PRP is an inflammatory papulosquamous dermatosis initially thought to be a variant of psoriasis. In addition to trauma, PRP has also been reported in association with burns, malignancies, vaccinations, agammaglobulinemia, and arthropathy. It is classified depending on the age of onset, behavior, distribution, and prognosis of disease; three of these are juvenile variants classical (type III), circumscribed (type IV), and atypical (type V). Juvenile classical (type III) PRP presents between 5 and 10 years with the cephalocaudal progression of follicular and perifollicular erythematous papules, which coalesce to form plaques studded with spiny hyperkeratosis. Areas of sparing and palmoplantar keratoderma with an orange hue may be seen. Our patient had a classical progression and morphology of lesions as seen in PRP type III. But there was only mild palmoplantar keratoderma with no islands of sparing. Childhood-onset follicular psoriasis also may have similar morphology and distribution of lesions with involvement of palms and soles, but the cephalocaudal progression is not a feature.

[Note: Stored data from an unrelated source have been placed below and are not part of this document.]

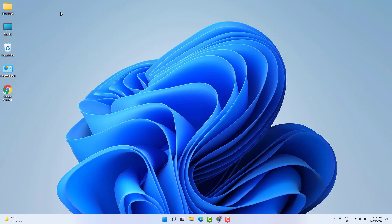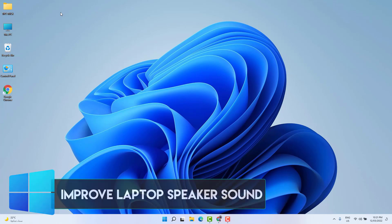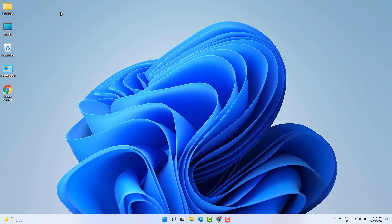Hello and welcome back to another tutorial. In this tutorial, I'm going to share with you how to improve and increase laptop speaker sound in Windows 11.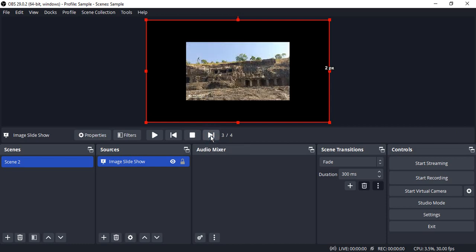So that's how the image slideshow works and that's how it is different from traditional images being added into the different scenes and being manually transformed from one scene to another. So that's how we can add image slideshows in OBS Studio. That's it for this video, thanks for watching.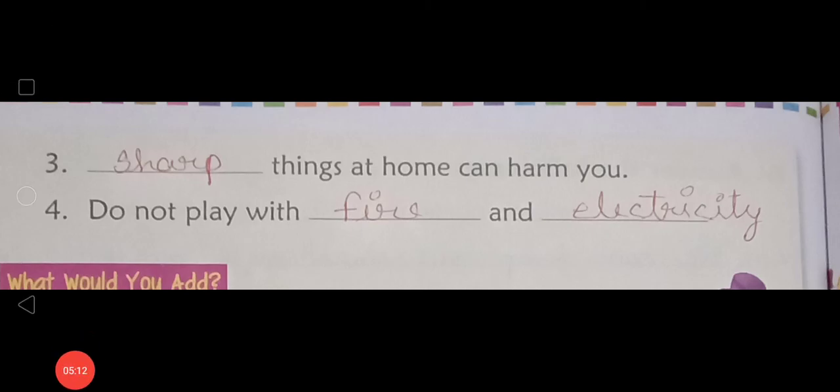Ok, now your fill in the blanks has completed. Today's work is complete. Write the fill in the blanks in your notebook and send it to me in your group.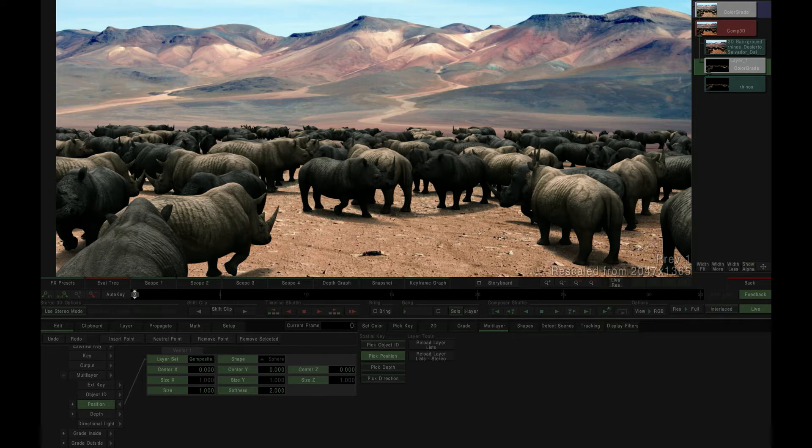This video is a quick introduction to Mistika's new multi-layer image feature set, using the spatial keyer and the pick position selector to apply localized color grading effects within 3D space.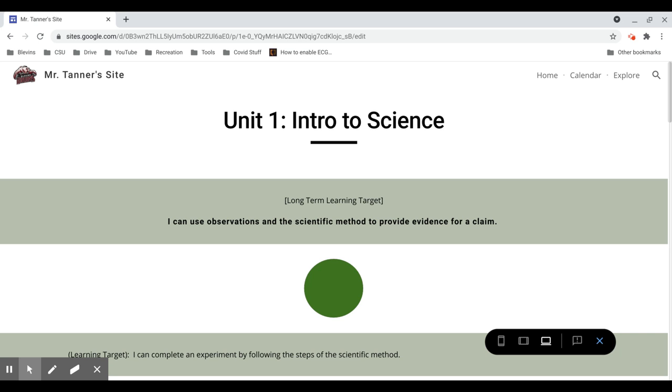Welcome to Science, everyone. This is going to be our walkthrough video for the green circle section of Unit 1, which is intro to science.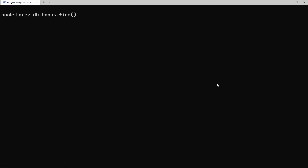We've now seen how to add new documents, how to find documents using the find method, and also how to delete documents. Now I want to show you how to update documents, and we do that using one of two methods: updateOne or updateMany. Before we do that, I want to list out all the books we have.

Histopathology in follicular psoriasis shows follicular plugging with infundibular dilatation and parakeratotic ostium with loss of a granular layer and the presence of neutrophilic infiltrate.[1] The presence of vertical and horizontal orthokeratosis and parakeratosis with focal hypergranulosis and thickening of the suprapapillary plate with the lack of significant perivascular neutrophilic infiltrate suggested PRP in our patient.

The Koebner phenomenon (KP) is characterized by the development of lesions of the same morphology and histopathology as the primary cutaneous disease at the traumatized uninvolved skin. Boyd and Neldner divided KP into four types: (1) true KP; (2) pseudo KP, seen because of autoinoculation in infectious disease; (3) occasionally occurring KP, which is not reproducible. In this category, disease occasionally localizes to the sites of trauma. (4) Questionable isomorphic phenomenon, where only a single case report is described.[2] In PRP, an isomorphic response has been described very rarely.[3]

Epidermal hyperplasia in psoriasis is driven by interleukin (IL)-23 and mediated by IL-17 and IL-22.[4] IL-17 has been found to be increased in lesions of PRP and targeted therapy against this immune mediator has shown improvement in resistant PRP.[5] In spite of being two different types of papulosquamous diseases, PRP shares certain clinical, histopathological, and immunological features with psoriasis.[4] KP in psoriasis occurs because of the increased expression of Toll-like receptor 9 and activation of Th-17. A similar mechanism may be involved in koebnerization in PRP. We are reporting a case of juvenile PRP with koebnerization explaining the possible link between the pathogenesis of KP in PRP with psoriasis.

Declaration of patient consent

The authors certify that they have obtained all appropriate patient consent forms. In the form the patient(s) has/have given his/her/their consent for his/her/their images and other clinical information to be reported in the journal. The patients understand that their names and initials will not be published and due efforts will be made to conceal their identity, but anonymity cannot be guaranteed.